MORRIE YEDOR, PLAINTIFF

v.

CENTRE PROPERTIES, INC., ET AL., DEFENDANTS AND THIRD-PARTY, PLAINTIFFS-APPELLEES (ACE DISPOSAL DIVISION OF WASTE MANAGEMENT OF ILLINOIS, INC., THIRD-PARTY, DEFENDANT-APPELLANT)



APPELLATE COURT OF ILLINOIS, FIRST DISTRICT, SECOND DIVISION

527 N.E.2d 414, 173 Ill. App. 3d 132, 122 Ill. Dec. 916 1988.IL.1076

Appeal from the Circuit Court of Cook County; the Hon. Louis J. Giliberto, Judge, presiding.

APPELLATE Judges:

PRESIDING JUSTICE HARTMAN delivered the opinion of the court. SCARIANO and EGAN, JJ., concur.

DECISION OF THE COURT DELIVERED BY THE HONORABLE JUDGE HARTMAN

Yedor allegedly slipped and fell in a puddle of oil while walking across a loading dock located at the south side of Centre's building at 180 N. La Salle St. (La Salle Plaza) in Chicago, Illinois, on April 13, 1982, causing extensive injuries. Yedor's second amended complaint, filed April 5, 1984, asserted that Centre and Teachers Realty Corporation (collectively Centre) "owned . . . operated, managed and controlled" La Salle Plaza and negligently failed to maintain the premises, creating an unsafe and dangerous condition, and causing Yedor's injuries. Other defendants were joined, but subsequently were dismissed.

With leave of court, Centre filed a third-party complaint for contribution against "Ace Disposal Service, Inc." on May 7, 1985, alleging that it negligently delivered a dumpster to the loading dock so as to cause an oily substance to be on the surface of the dock, and "negligently maintained its trucks and delivery apparatus so as to allow fluids to escape from the truck's [ sic ] hydraulic systems while on the loading dock."

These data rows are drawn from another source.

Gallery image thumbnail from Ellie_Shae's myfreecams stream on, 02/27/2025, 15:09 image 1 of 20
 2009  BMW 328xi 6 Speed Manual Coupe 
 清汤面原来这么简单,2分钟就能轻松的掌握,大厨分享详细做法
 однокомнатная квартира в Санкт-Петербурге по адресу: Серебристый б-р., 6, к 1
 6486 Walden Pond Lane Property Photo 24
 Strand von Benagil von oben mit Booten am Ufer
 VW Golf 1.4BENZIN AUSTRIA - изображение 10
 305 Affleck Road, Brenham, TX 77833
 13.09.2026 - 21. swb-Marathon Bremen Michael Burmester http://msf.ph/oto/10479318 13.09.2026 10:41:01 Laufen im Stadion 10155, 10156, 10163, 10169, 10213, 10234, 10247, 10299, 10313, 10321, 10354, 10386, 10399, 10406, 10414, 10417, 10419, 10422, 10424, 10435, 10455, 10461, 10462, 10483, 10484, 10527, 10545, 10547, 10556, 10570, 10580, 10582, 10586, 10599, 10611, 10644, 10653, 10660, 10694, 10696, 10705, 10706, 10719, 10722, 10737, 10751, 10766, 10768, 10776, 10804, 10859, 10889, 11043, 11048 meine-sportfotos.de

A summons issued the same day to "Ace Disposal Service, Inc." in Morton Grove, Illinois, was returned "not served" on May 17, 1985, because "[third-party defendant] not at [address] given." Centre filed an amended third-party complaint on May 15, 1985, realleging the substance of its original third-party complaint against Ace Disposal Service, Inc., in count I and, in count II, asserting the negligence of other defendants also subsequently dismissed. Centre sought contribution should it be found liable for Yedor's injuries.

An attempt was made to serve "Ace Disposal Service, Inc.," at "13707 S. Jeffery" in Chicago with alias summons issued on August 5, 1985, but on August 22, 1985, the summons was returned "not served," with a note that the company had moved. On August 7, 1985, the circuit court ordered, inter alia, the severance of Centre's third-party action, "without prejudice to third party defendants conducting discovery in any related re-filed matter."

A second alias summons issued October 2, 1985, was directed to "Ace Disposal" at "1500 North Hooker" in Chicago and service was accomplished October 10, 1985, on an agent of the company.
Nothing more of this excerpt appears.